It wasn’t only that time. The devaluing of human life continues unimpeded, as attendees at a recent conference at the University of Rhode Island learned. At the 10th “Genetic Technology & Public Policy in the New Millennium” symposium, Daniel W. Brock, a bioethicist at the National Institutes of Health, gave a presentation entitled “Genetic Testing and Selection: A Response to the Disability Movement’s Critique.”

In his presentation, Brock argued that prenatal testing to prevent the birth of severely disabled children, such as the blind or those with “severe mental retardation,” was in the public interest. Caring for people with these sorts of disabilities consumes precious and often limited resources: money, time, and emotional energy.
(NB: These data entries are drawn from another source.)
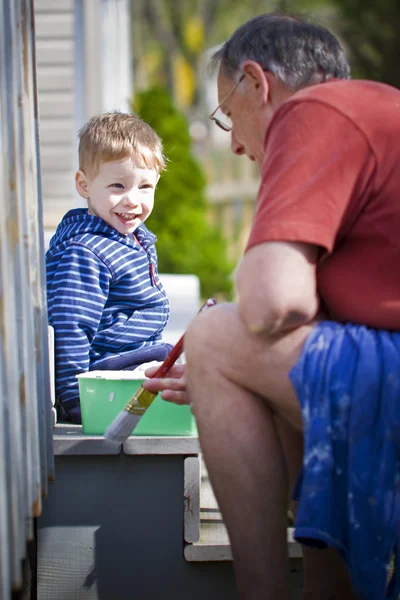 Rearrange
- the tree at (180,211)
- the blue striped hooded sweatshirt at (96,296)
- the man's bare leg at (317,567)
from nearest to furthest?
the man's bare leg at (317,567) < the blue striped hooded sweatshirt at (96,296) < the tree at (180,211)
Brock told his audience that “it’s a mistake to think that the social and economic costs are not a legitimate concern in this context.”

What’s more, he said, these expenditures don’t necessarily translate into a meaningful improvement in the quality of life of the severely disabled. Even with what Brock calls “environmental” changes, such as handicapped access to buildings, and learning new skills, such as American Sign Language or Braille, the disabled live with “real disadvantages.”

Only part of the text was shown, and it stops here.